Take the following query: select * from SalesOrderHeader where datediff(d, OrderDate, ShipDate) > 5. The value being compared (datediff(d, OrderDate, ShipDate)) does not exist in the table, so it must be computed before the record can be filtered. By having a dedicated Compute Scalar node, everything that can be computed as a new column can be consolidated to a single node which can be used anywhere in the execution plan.

Additional data about the Compute Scalar node can be found in the node properties, shown here. The Defined Values element can be expanded to reveal all of the columns that were computed and added to the data row in this node.

IEnumerable<DataRow> ComputeScalarNode(IEnumerable<DataRow> data)  
{
  foreach (var row in data)
  {
    row["SalesOrderNumber"] = "SO" + convert(string, row["SalesOrderID"]);
    row["TotalDue"] = isnull(row["SubTotal"] + row["TaxAmt"] + row["Freight"], 0.00);
    yield return row;
  }
}

Filter Node



The Filter node should be fairly obvious. When asked for a row, it returns the next row that matches the predicate. When optimizing a query, the optimizer does not treat a where clause as a single predicate, but will work with each condition independently. Depending on where the data exists and how many records the Filter is expected to remove, the individual conditions may be found in the same Filter node or in separate Filter nodes. Additional detail can be found on the whole predicate used for the Filter node can be found in the node properties.

IEnumerable<DataRow> FilterNode(IEnumerable<DataRow> data)  
{
  foreach (var row in data)
  {
    if (predicate(row) == true)
      yield return row;
  }
}

Sort Node

The Sort node, as it's name suggests, sorts data before returning data to it's parent node. Since sorting is an operation that requires viewing all of the data, once asked for any data at all, the Sort node will buffer all of the records from it's input data. If possible, the sort operation will be handled in memory; however, if sorting a large amount of data, the data will be saved to a temporary table in tempdb before sorting. For this reason, Sort nodes can be an important node to look for when reading an execution plan.

There is a sub-version of the Sort Node that will take advantage of a provided top clause. Certain algorithms can be used for in-memory searching of the top n elements of a data set. This would reduce the amount of work required by not having to sort the entire data set for return.

IEnumerable<DataRow> SortNode(IEnumerable<DataRow> data)  
{
  var buffer = new List<DataRow>();
  foreach (var row in data)
    buffer.Add(row);

  buffer.Sort();
  foreach (var row in buffer)
    yield return row;
}

Top Node

The Top node will limit output to the first N or N% of the rows given. An important thing to note here is that the Top node does not require a Sort node to come before it- if the data is unsorted, it will still return the first N records. This is because sorting is expected to have already occurred via another process.

If the query has an order by clause that matches the ordering of the index, then there will not be a Sort node. Instead, the index will provide data already sorted, and a Top node will be used to directly limit the amount of data.

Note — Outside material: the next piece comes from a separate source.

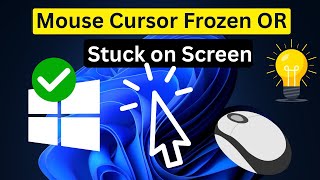Mouse Cursor Frozen or Stuck on Screen | Easy Fix for Windows 10/11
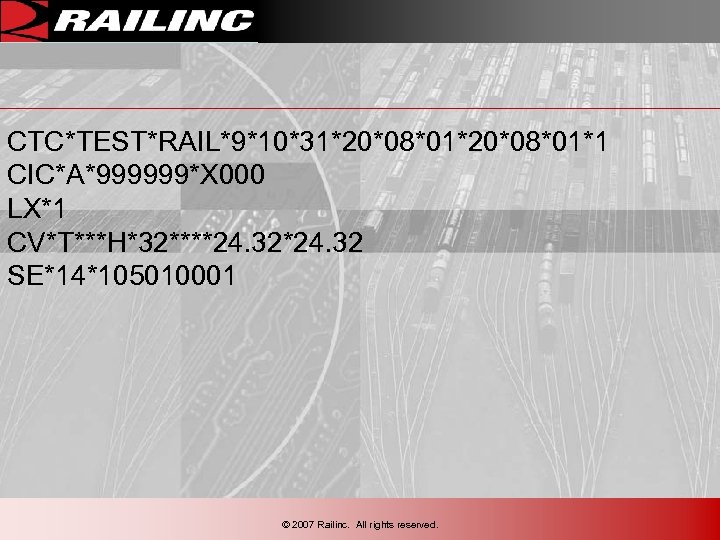 CTC*TEST*RAIL*9*10*31*20*08*01*1 CIC*A*999999*X 000 LX*1 CV*T***H*32****24. 32 SE*14*105010001 © 2007 Railinc. All rights reserved.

IEnumerable<DataRow> TopNode(IEnumerable<DataRow> data)  
{
  var counter = 0;
  foreach (var row in data)
  {
    yield return row;
    counter++;
    if (counter == N)
      yield break;
  }
}

Select Node

Finally, we have the Select node. The Select node is the most important node, because it handles delivering data to the client. In a select statement, it is always the root of the tree, the final node at the top-left of the diagram. The Select node is very simple, all it does is iterate data from the child node below it and deliver it to the client. I've included some pseudo-code below as example.

Now part of what's so interesting about the Select node is what is not being done here. The Select node does not buffer the data in any way (although the network code does do buffering to improve network performance), it does not do any computations or column generation, it does not filter the data in anyway. It has the singular purpose of handing data to the client. Instead, these other functions are done by the next few nodes we're going to talk about.

Also, no matter how many times the keyword select is listed in the original query, there will only be one Select node. Once the query has been parsed, any CTEs and sub-queries are rewritten as part of the larger query.

void SelectNode(SqlClient client, IEnumerable<DataRow> data)  
{
  foreach (var row in data)
  {
    row.TrimAndRenameColumns();
    client.SendRow(row);
  }
}